• **INSTRUCTIONS FOR THE TASK**
Retype the material that follows exactly, limited to the lines from the one with "ステーキガスト (おかず)ミ" through the one with "Ivation 34 Bottle", and keep out all pictures.

• **INFORMATION GIVEN**
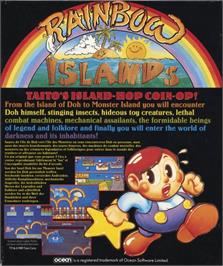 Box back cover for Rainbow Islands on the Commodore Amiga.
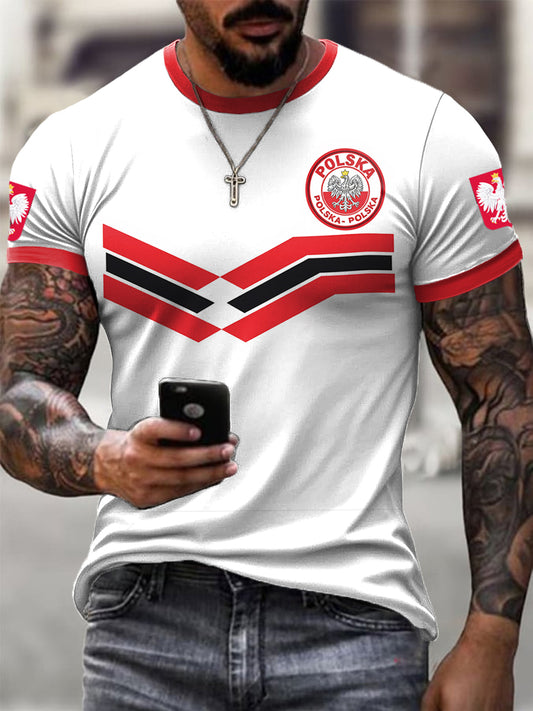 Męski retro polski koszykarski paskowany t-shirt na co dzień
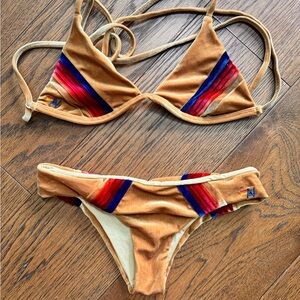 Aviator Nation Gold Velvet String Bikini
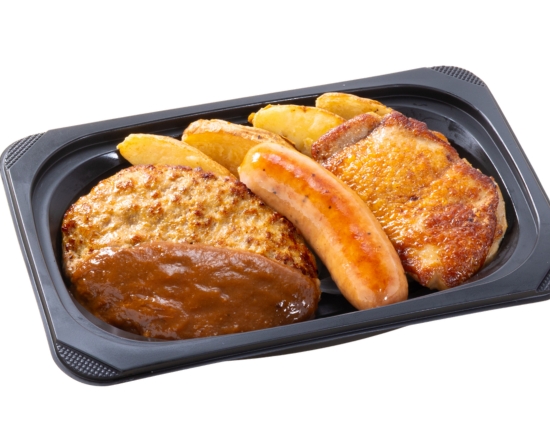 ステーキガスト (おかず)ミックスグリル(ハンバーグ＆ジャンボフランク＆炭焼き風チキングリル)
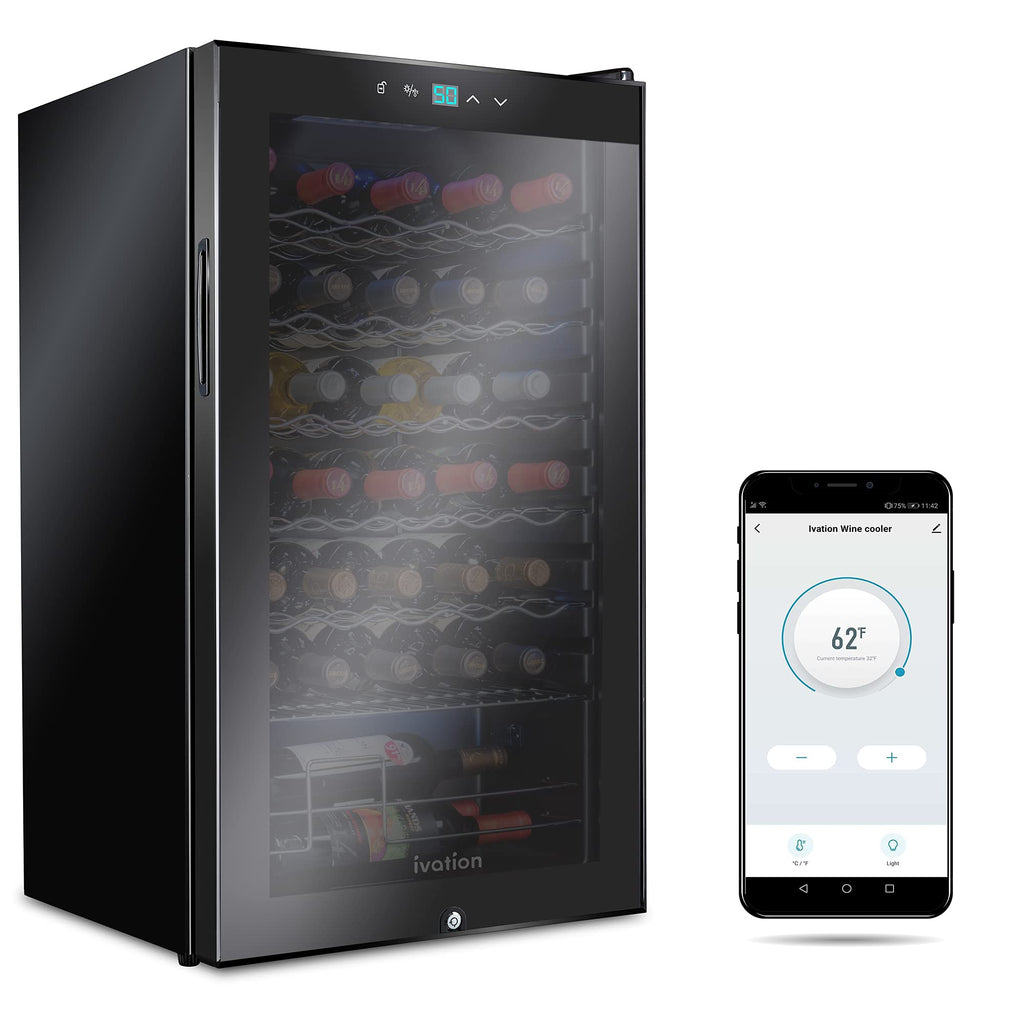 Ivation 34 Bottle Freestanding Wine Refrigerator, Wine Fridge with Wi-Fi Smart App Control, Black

---

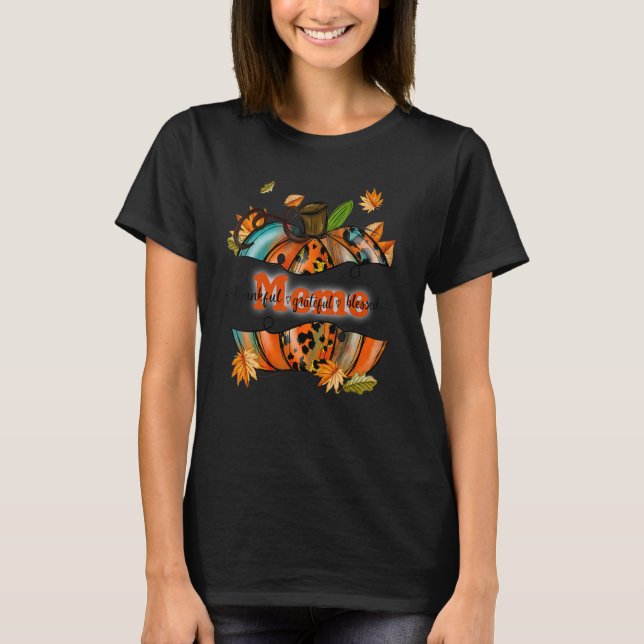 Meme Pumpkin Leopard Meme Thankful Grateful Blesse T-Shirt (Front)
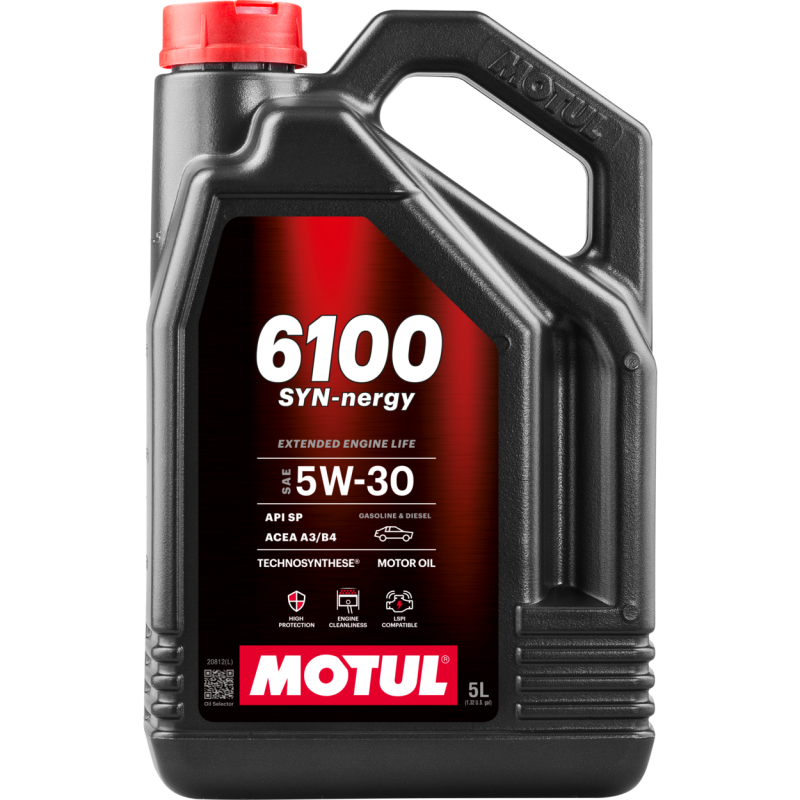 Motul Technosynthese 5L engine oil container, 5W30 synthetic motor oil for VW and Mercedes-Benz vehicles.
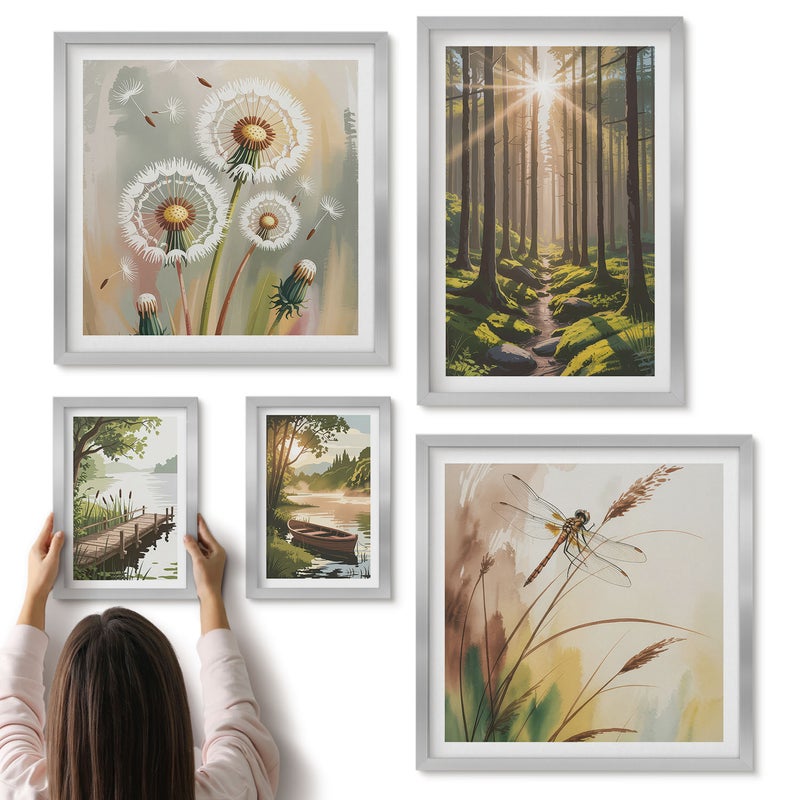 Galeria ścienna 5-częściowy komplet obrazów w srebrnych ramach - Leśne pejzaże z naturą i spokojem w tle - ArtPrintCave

• **EXERCISE RESULT**
 ステーキガスト (おかず)ミックスグリル(ハンバーグ＆ジャンボフランク＆炭焼き風チキングリル)
 Ivation 34 Bottle Freestanding Wine Refrigerator, Wine Fridge with Wi-Fi Smart App Control, Black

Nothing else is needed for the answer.